> **Study material**:
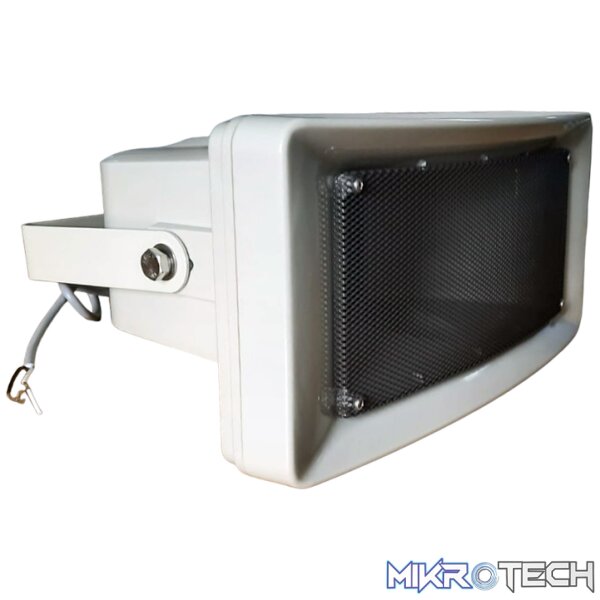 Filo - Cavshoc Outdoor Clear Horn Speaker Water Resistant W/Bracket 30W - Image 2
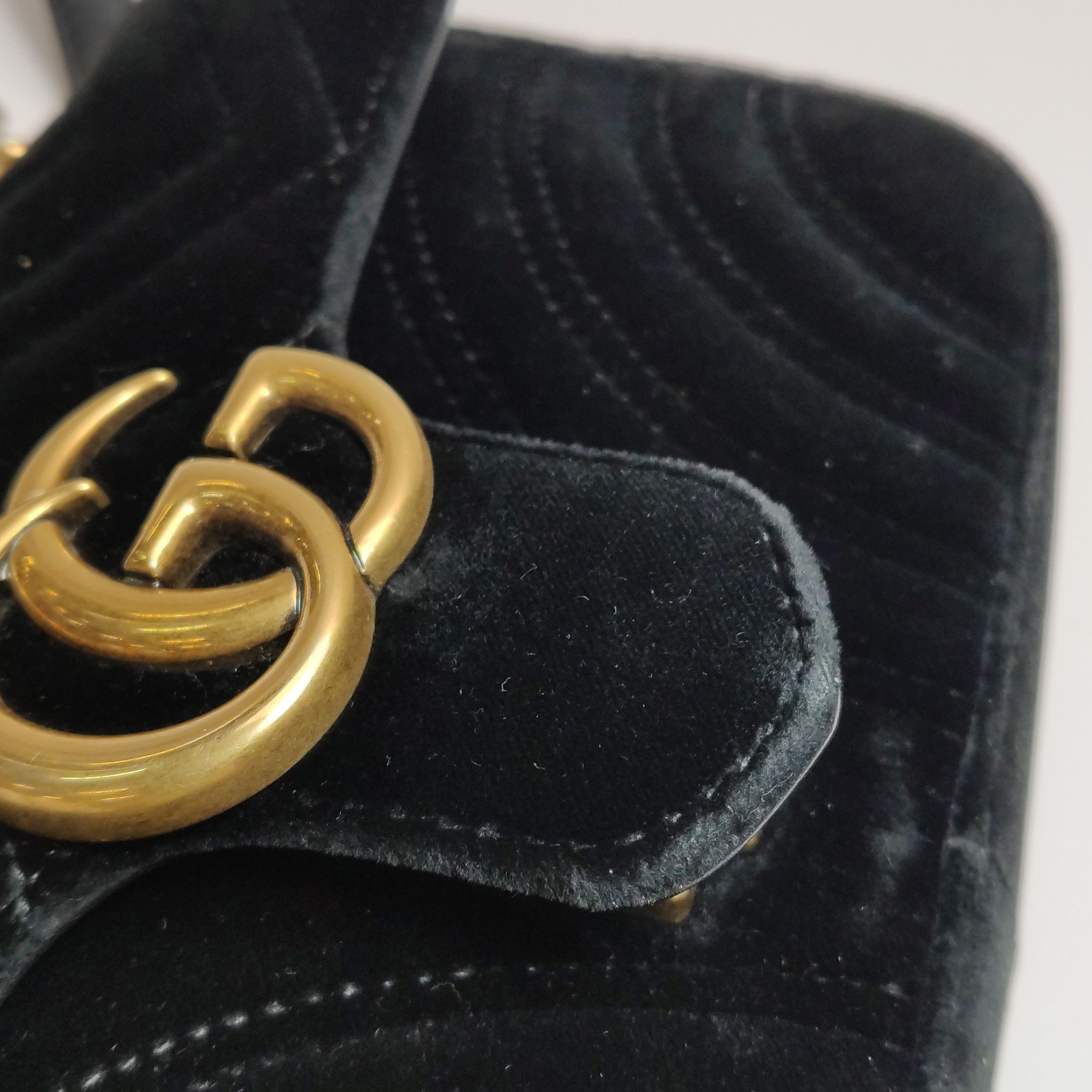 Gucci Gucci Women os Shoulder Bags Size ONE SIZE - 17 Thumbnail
--
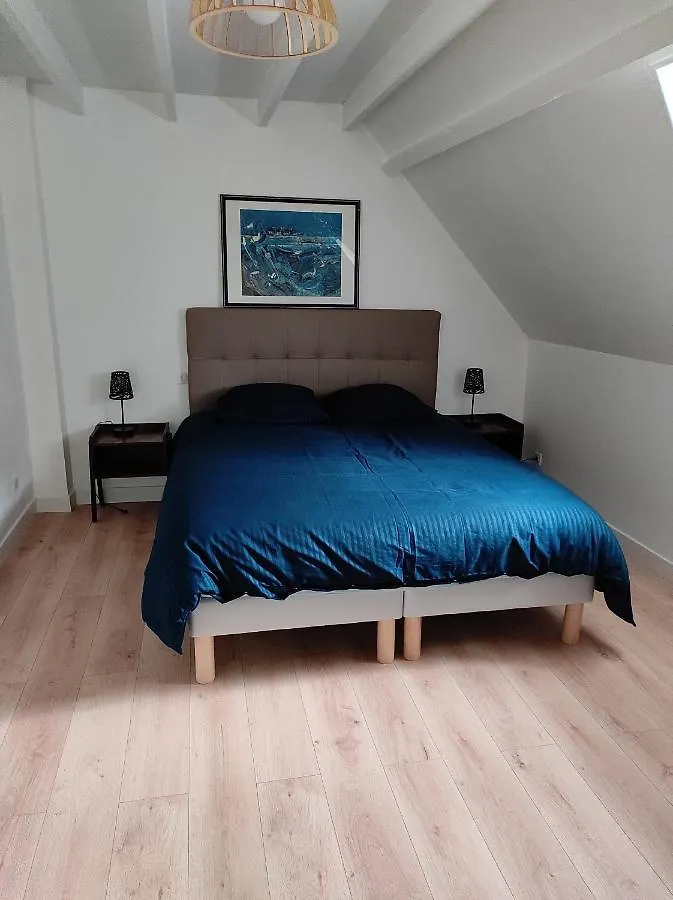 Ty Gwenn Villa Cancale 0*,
--
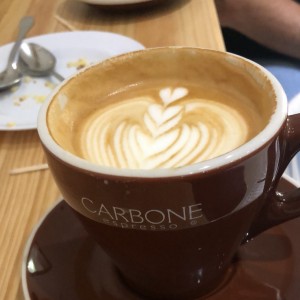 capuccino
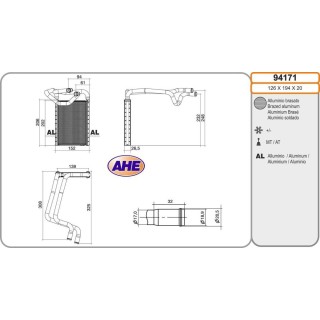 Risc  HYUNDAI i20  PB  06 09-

> **Exercise**: Exact copy, pictures excluded: every line above from the one containing "Filo - Cavshoc" to the one containing "Gucci Gucci Women", inclusive, and nothing more.

> **Written answer**:
 Filo - Cavshoc Outdoor Clear Horn Speaker Water Resistant W/Bracket 30W - Image 2
 Gucci Gucci Women os Shoulder Bags Size ONE SIZE - 17 Thumbnail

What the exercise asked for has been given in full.